Il collegamento con il Just Transition Fund Taranto

Il Just Transition Fund Taranto nasce per:

  • favorire la diversificazione economica;
  • sostenere la creazione di nuove imprese innovative;
  • ridurre la dipendenza da settori ad alta intensità di carbonio;
  • promuovere investimenti in digitalizzazione ed economia circolare .

TecnoNidi rappresenta lo strumento operativo dedicato alle startup tecnologiche, con un mix di agevolazioni particolarmente vantaggioso.

Coerenza con Smart Puglia 2030

Il bando è coerente con la strategia regionale Smart Puglia 2030, che individua ambiti prioritari di innovazione come:

  • manifattura sostenibile
  • aerospazio
  • salute
  • meccatronica
  • tecnologie green

L’obiettivo non è finanziare “qualsiasi impresa”, ma sostenere progetti con contenuto tecnologico reale, capaci di generare impatto sul territorio.

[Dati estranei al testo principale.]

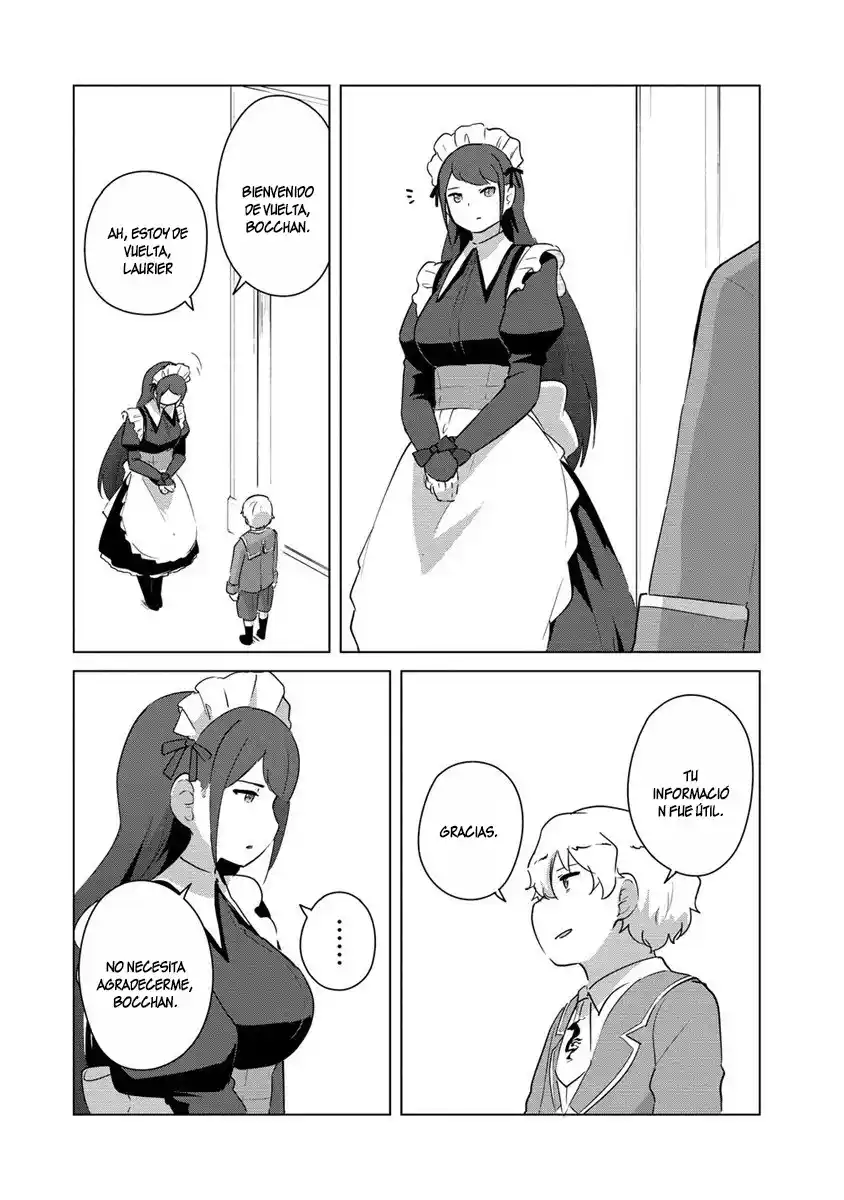 Moe Buta Tensei: Akutoku Shounin Da Kedo Yuusha O Sashioite Isekai Musou Shitemita - Capítulo 12 - Página 15 - LectorTMOo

Perché è un bando strategico

A differenza di molti altri incentivi regionali, il bando TecnoNidi Taranto:

  • copre il 100% degli investimenti (40% fondo perduto + 40% prestito a tasso zero + 20% premialità condizionata);
  • finanzia fino al 90% dei costi di funzionamento;
  • è dedicato esclusivamente a imprese innovative;
  • è focalizzato su un territorio con forte priorità europea.

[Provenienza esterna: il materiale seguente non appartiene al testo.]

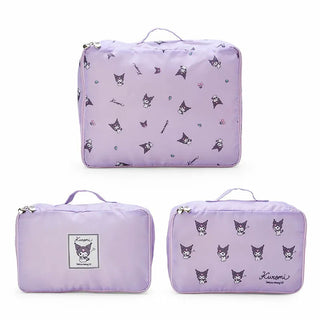 Sanrio 3-Piece Packing Cube Set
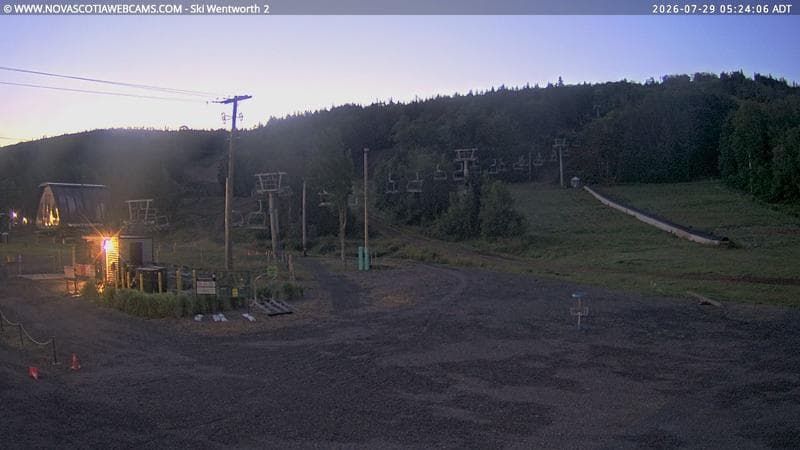 Ski Wentworth 2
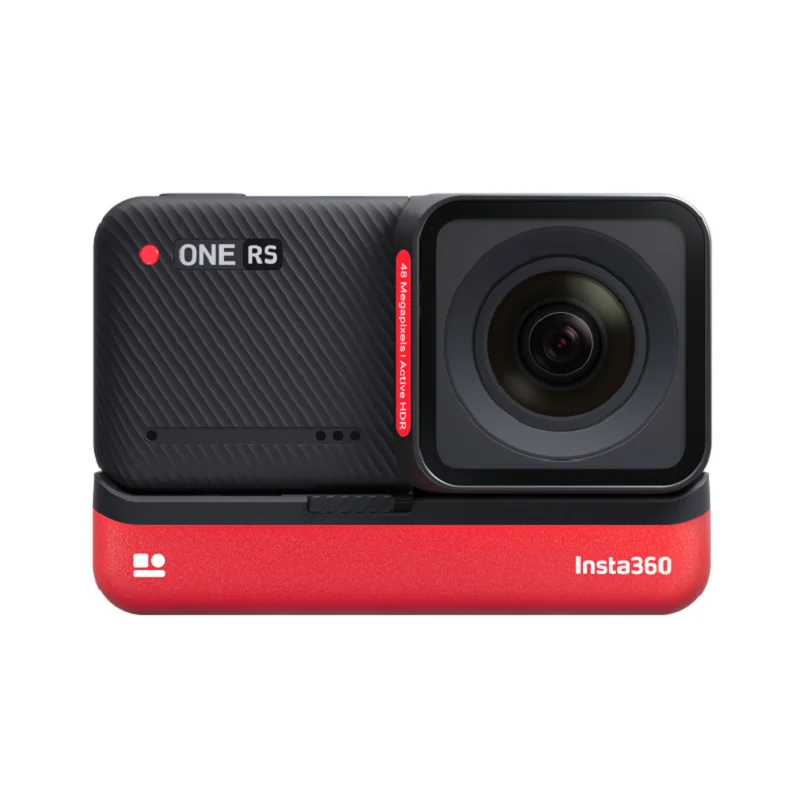 Спортивная Экшн-камера Insta360 ONE RS Insta 360 4K 5 7 K 48 МП с двойным объективом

Per una startup che vuole nascere o consolidarsi a Taranto, si tratta di una leva finanziaria estremamente potente.

Sappiamo che la partecipazione a un Bando può essere complessa, sia nell’interpretare il testo dell’Avviso sia nella compilazione della domanda. Per questo abbiamo pensato ad un piccolo test di 2 minuti che ti aiuta a capire se possiedi i requisiti preliminari per partecipare al Bando.

Chi può partecipare

Il TecnoNidi JTF Taranto non è un incentivo generico: è riservato a imprese con requisiti molto precisi, sia dal punto di vista societario sia sotto il profilo dell’innovazione tecnologica.

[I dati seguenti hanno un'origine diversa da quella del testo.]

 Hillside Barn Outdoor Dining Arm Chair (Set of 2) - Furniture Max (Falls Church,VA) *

L’obiettivo del bando TecnoNidi Taranto è sostenere startup ad alto contenuto innovativo che contribuiscano alla transizione economica e ambientale della Provincia di Taranto. Per questo motivo, i requisiti di accesso sono stringenti ma chiari.

Vediamoli nel dettaglio.

Requisiti societari

Possono partecipare esclusivamente società di capitali che, alla data di presentazione della domanda preliminare:

  • siano regolarmente costituite come S.r.l., S.p.A. o altre società di capitali;
  • siano iscritte al Registro delle Imprese da meno di 5 anni;
  • non siano quotate in mercati regolamentati;
  • non abbiano mai distribuito utili;
  • non derivino da operazioni di fusione o acquisizione (salvo specifiche eccezioni previste dall’Avviso) .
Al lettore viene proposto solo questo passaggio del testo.